Taking up this position in the 992 on my first drive of the coupe in southern Spain, my body was immediately at home. Forget the slightly longer dimensions of the hood, or even the wider front and rear body on the S. This was the same perspective of the road that I've experienced over two decades of 911 and its endless variations.

That driver's seat is also a moment to relish the new and vastly improved layout of the dash. It is once again horizontally situated, like the 911s of old. My own biggest fear was that the new car would be an expanse of digital menus and haptic buttons. It generally isn't. Thank the gods for hard buttons.

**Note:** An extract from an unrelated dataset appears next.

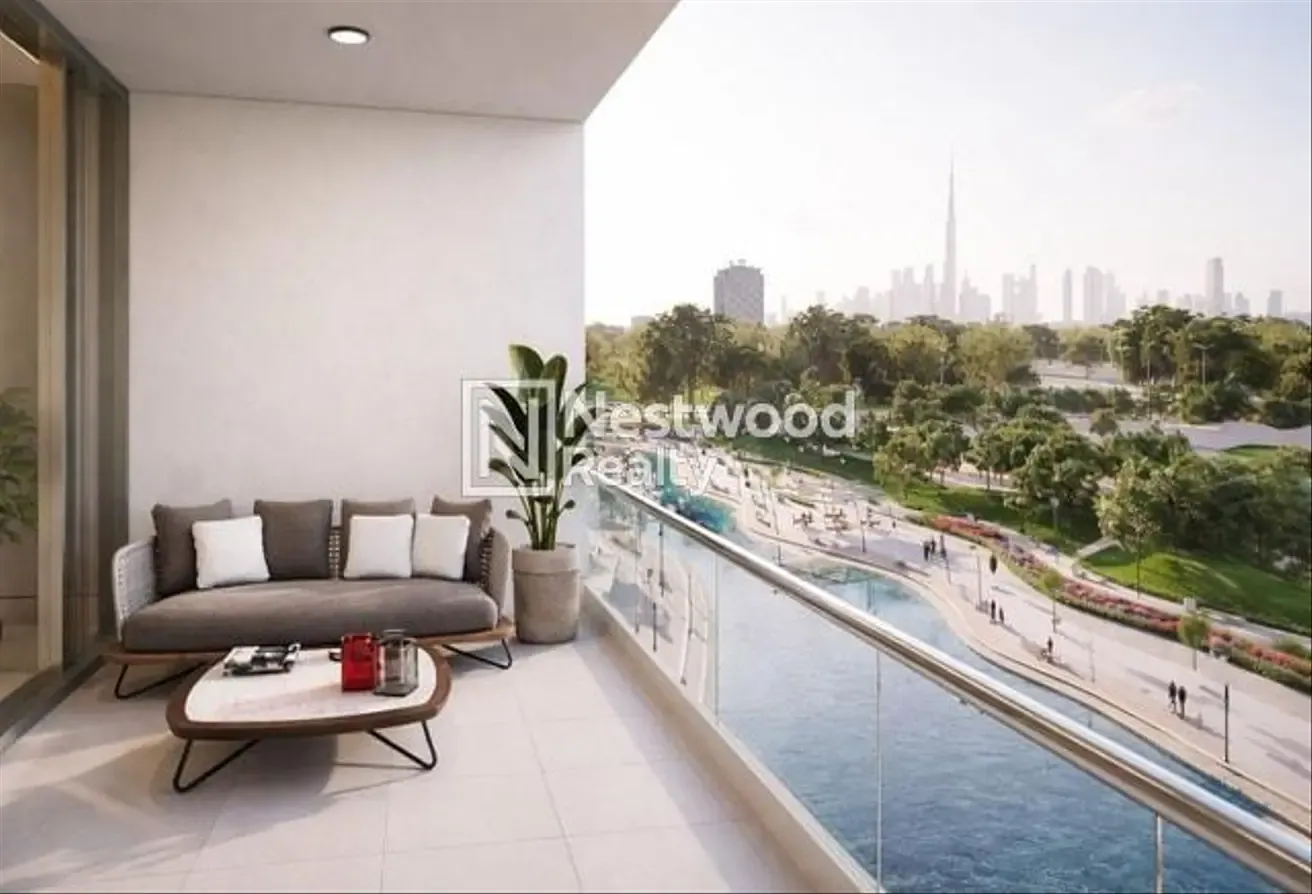 Luxury Living | Burj Khalifa View | Handover Soon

And indeed, the outcry about the new gen is generally about technology. You'd expect to find adaptive cruise control on a GT car, but a 911? This generation can be had with safety systems as intrusive as lane keeping assist that recognizes traffic signs. Anathema to a sports car, surely? This is a point of credible criticism: That stuff adds weight and complexity. But such tech is optional — you'd have to ante an extra $2,000 for the adaptive cruise control for instance — and can be easily and happily left off the build sheet.

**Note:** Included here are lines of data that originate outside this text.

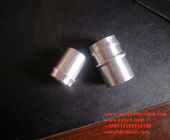 piezas de torneado de acero inoxidables del NC de la precisión del metal proveedor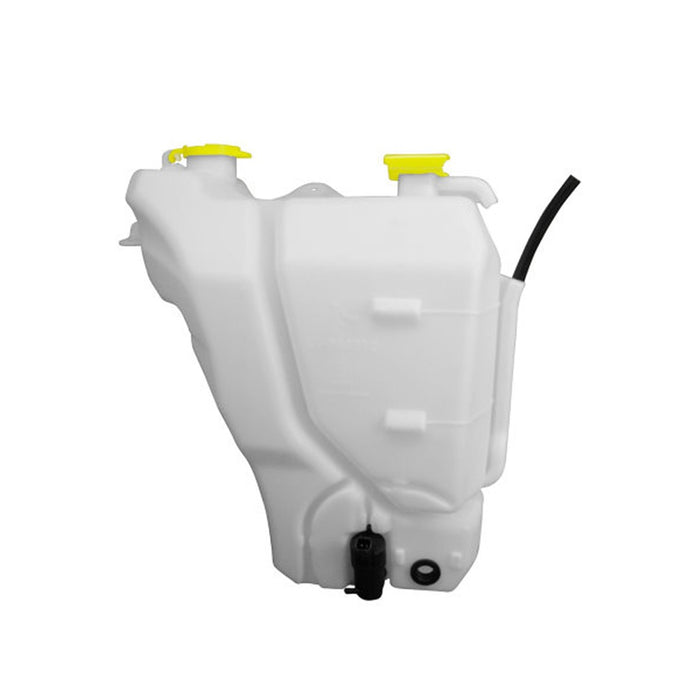 Dodge Ram 1500/2500/3500 Washer Fluid Reservoir Washer/Coolant Reservoir & Cap Assembly 3.7L V6/4.7L V8 - CH1288245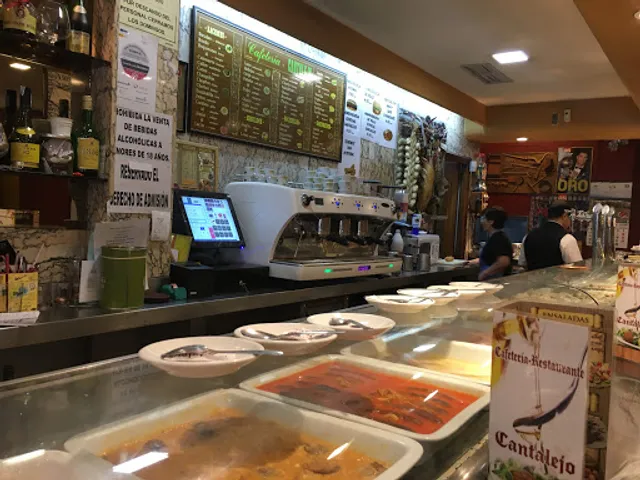 Cantalejo Restaurante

2020 Porsche 911 4S Cabriolet 2020 Porsche 911 4S Cabriolet 2020 Porsche 911 4S Cabriolet

It also reminds me of something that Hurley Haywood, the legendary Porsche driver, subject of new documentary and Autoblog's recent guide around Road Atlanta, once told me: "The purists always complain about new technology, no matter what. If it was up to some of these guys, we'd still have manual roll-up windows." For what it's worth, Haywood always prefers a PDK over a manual, and allows the car to shift itself on the racetrack.

To me, ultimately, the 911 experience comes to down to one thing: The feeling you get when you unleash the rear-engine-machine, and let it sing. That moment when you're on a beloved road and traffic has evaporated. You downshift or pop into sport mode. The world suddenly narrows to the size of the lane, and any concerns about technology diluting the essential experience of the 911 evaporate.

The 911 allows you to live in the moment, and that's something few cars can accomplish.

The sound of the turbo engines isn't as good as the naturally-aspirated flat sixes of old – not by a long shot. But the noise emanating from behind you is still a happy thing, and the curious balance of the 911 is still present. You still sense the weight in the rear.

The coupes and the cabs we tested were equipped with PASM sport suspensions and rear-axle steering. The car turns in like never before, which means you no longer need to pull out the peculiar 911 tricks to get weight to the front wheels. But unlike some rear-wheel-steering systems, it is entirely natural and it feels the same in every corner. You're not second guessing the car.

2020 Porsche 911 4S Cabriolet

You've always had to be mindful of how you drive a 911 — no sudden lifts in the middle of a fast corner — but the car has also been an expression of freedom. It encouraged you to find your joy. At its best, a great run in a 911 is zen.

And on roads in Spain in the coupe, and in Greece in the cabriolet, I easily accessed those emotions. Forget the new tech and the changed body style or the rear that some find divisive. Whenever a portion of road opened up and an oncoming curve beckoned, I was thrilled to meet it. The car made me feel alive. And that's all that really matters.